Ancak, gümüş ve sockeye somonlarındaki parazit seviyelerinin neden sabit kaldığını açıklamak daha zor. Özellikle de konserveleme sürecinin belirli Anisakid türlerini tanımlamayı zorlaştırdığı düşünülürse.
Bilim insanları, “Aile seviyesindeki tanımlamamızdan emin olsak da, tespit ettiğimiz Anisakidleri tür seviyesinde tanımlayamadık. Bu nedenle, artan türlere ait parazitlerin pembe ve pasifik somonları enfekte etme eğiliminde olması, sabit kalan türlere ait parazitlerin ise gümüş ve sockeye somonları enfekte etme eğiliminde olması mümkündür.” şeklinde not düştü.

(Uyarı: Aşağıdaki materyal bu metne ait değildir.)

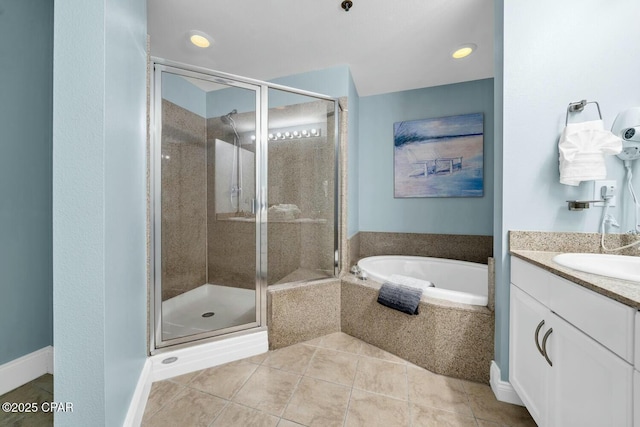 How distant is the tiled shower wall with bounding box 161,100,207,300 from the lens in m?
1.76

Bu yeni yaklaşımın – tozlu eski konservelerin ekolojik bir arşive dönüşmesi – daha birçok bilimsel keşfe kapı aralayabileceğini düşünen araştırmacılar, tabiri caizse tam bir 'solucan kutusu' açmış oldular. Bu araştırma, bilim dünyasının önemli yayınlarından Ecology and Evolution dergisinde yayımlandı.